In one embodiment, the present invention relates to a formulation of polyesters comprising at least

• a hydrocarbon or a mixture of different hydrocarbons having a boiling point of at least 100°C, and

• a hydrophobically modified, hyperbranched polyester as described above.

Preferred hydrocarbons and concentrations have already been mentioned above.

Hydrophobically modified, hyperbranched polyesters

The synthesis yields hydrophobically modified, hyperbranched polyesters comprising a core of a hyperbranched polyester and terminal hydrophobic groups formed by means of the carboxylic acids (D1) and (D2).

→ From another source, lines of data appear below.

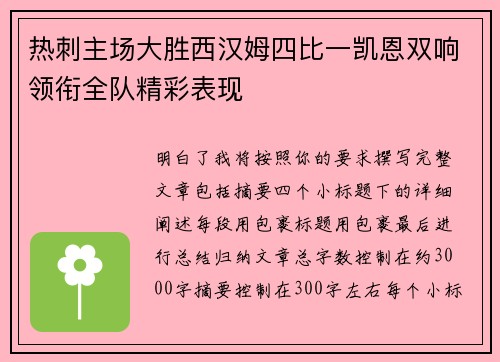 热刺主场大胜西汉姆四比一凯恩双响领衔全队精彩表现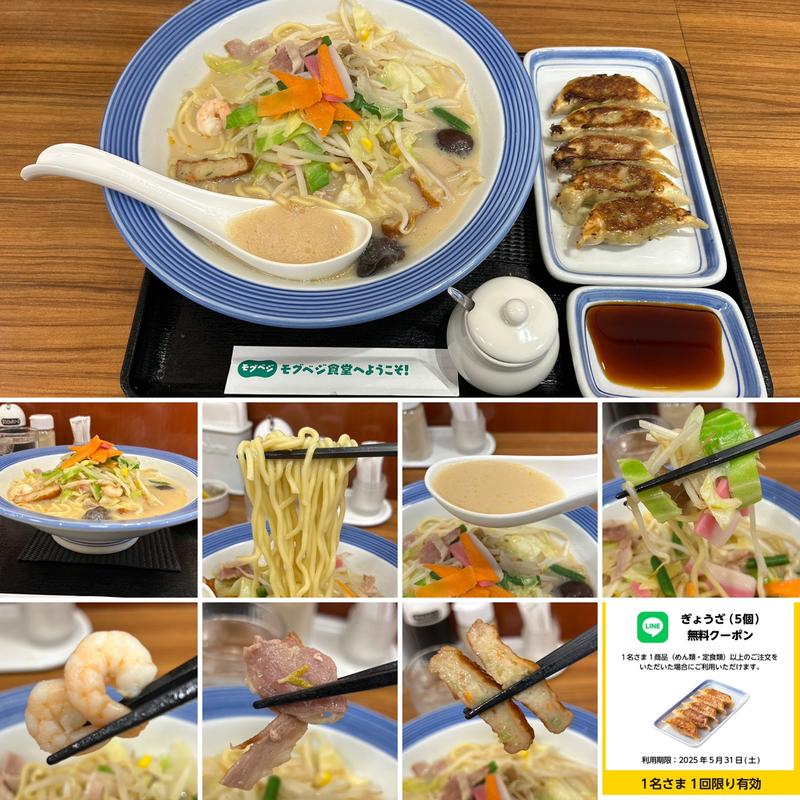 長崎ちゃんぽん(リンガーハット 中野サンモール店)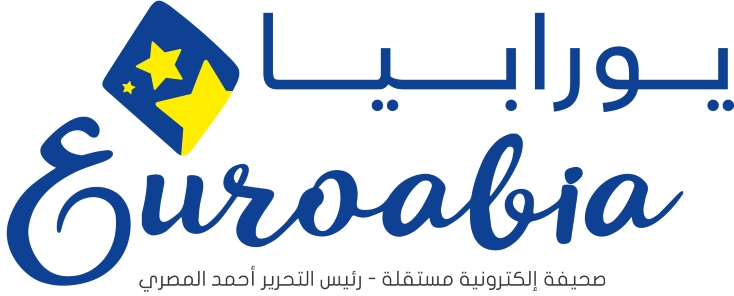 صحيفة يورابيا 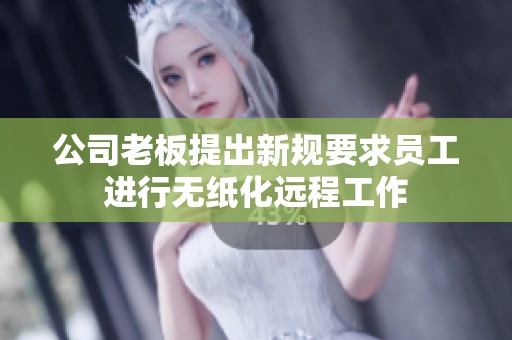 公司老板提出新规要求员工进行无纸化远程工作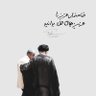 🇮🇷ملیحه میرزاخانی 🇮🇷's profile picture
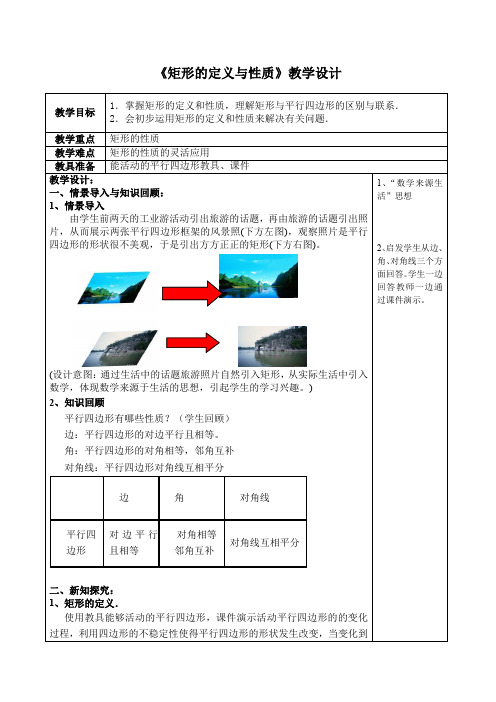 《矩形的定义与性质》教学设计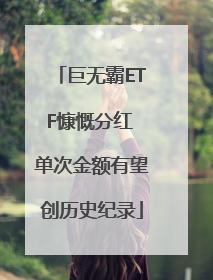 巨无霸ETF慷慨分红 单次金额有望创历史纪录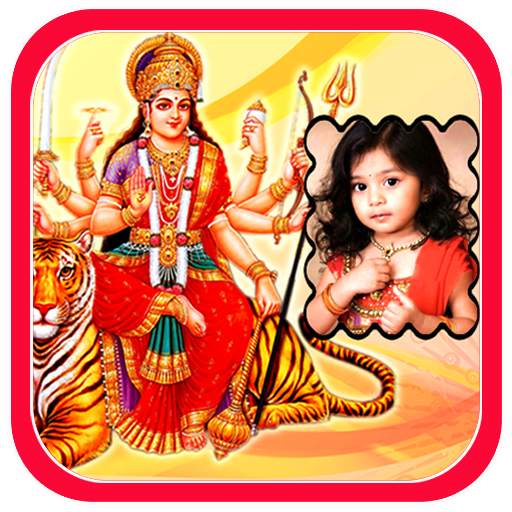 Maa Durga Devi HD Photo Frames 1.0.2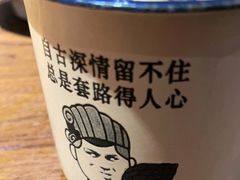 -农耕记·湖南土菜(halo广场店)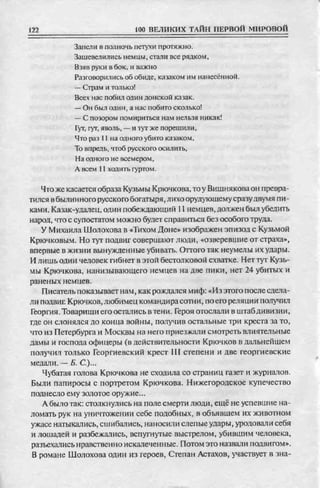 соколов 100 тайн первой мировой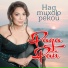 Рада Рай(Душевный шансон)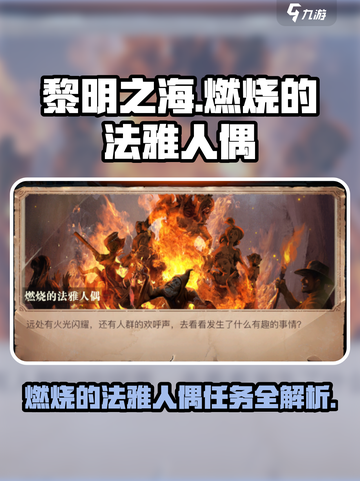 黎明之海🔥法雅人偶任务超简单攻略来啦！截图1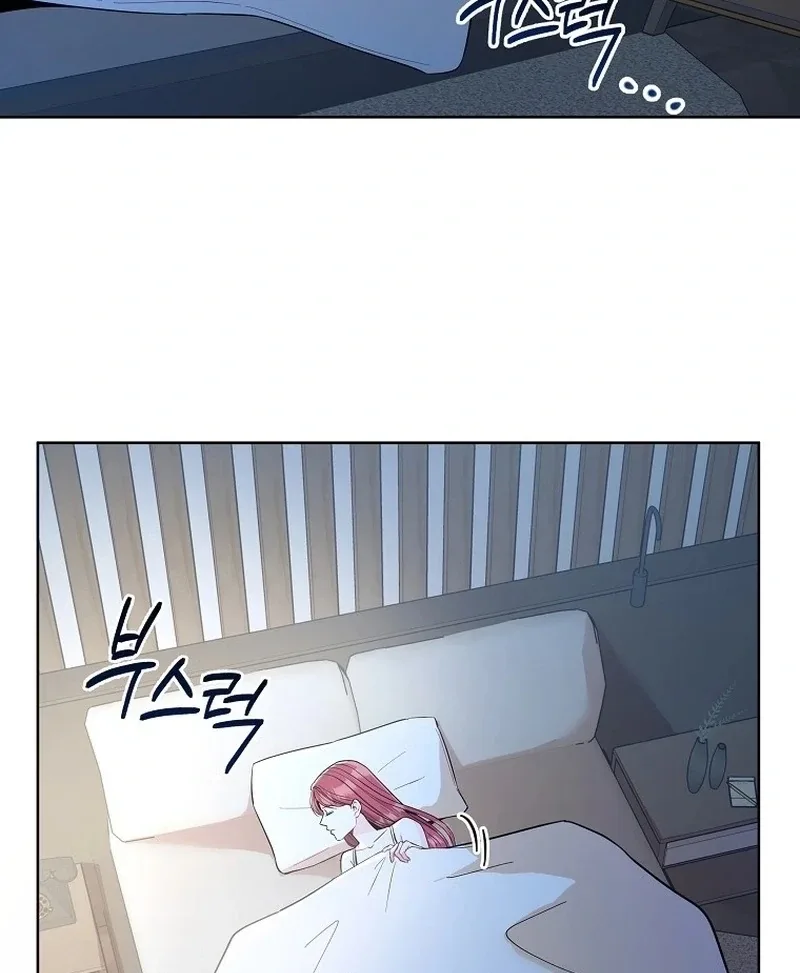 Hades & Persephone Chapter 15 page 5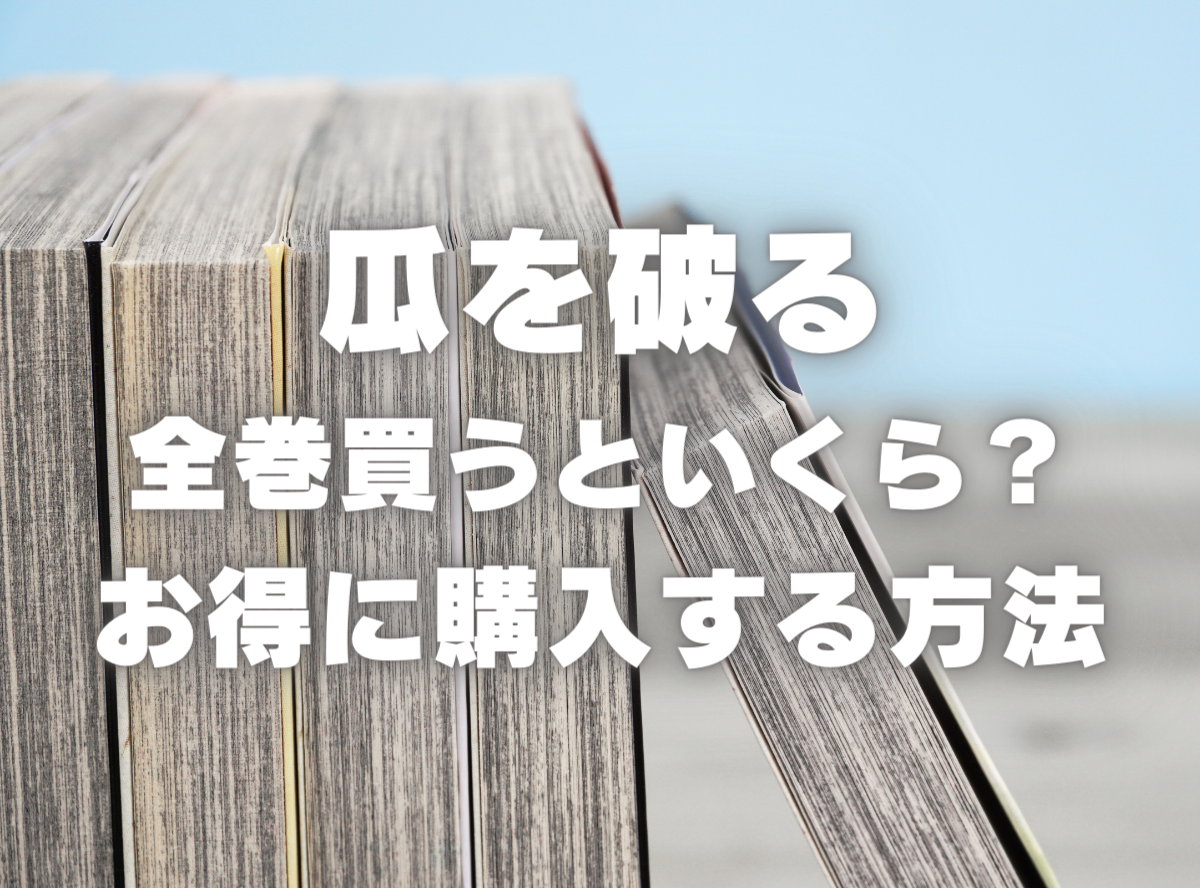 漫画『瓜を破る』全巻いくら？ 70%OFFでまとめ買いする方法・最安値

As will be shown in detail in the experimental part, substituting a part of the linear, saturated, aliphatic carboxylic acids by branched, saturated, aliphatic carboxylic acids decreases the melting point of the hydrophobically modified, hyperbranched polyesters according to the present invention as such as well as the melting point of solutions of the polymers in high- boiling hydrocarbons. The hydrophobically modified, hyperbranched polyesters are therefore suitable for making winterized formulations, i.e. formulations which are still liquid at low temperatures. It is important to note, that the presence of at least one linear, aliphatic, carboxylic acid comprising at least 20 carbon atoms is required to ensure the function as pour point depressant or wax inhibitor. When only linear carboxylic acids comprising less than 20 carbon atoms, for example C16 and C18 carboxylic acids are used, the effect of lowering the melting point by substituting a part of the linear carboxylic acids by branched carboxylic acids is also observed, however, the polymers no longer function as pour point depressants.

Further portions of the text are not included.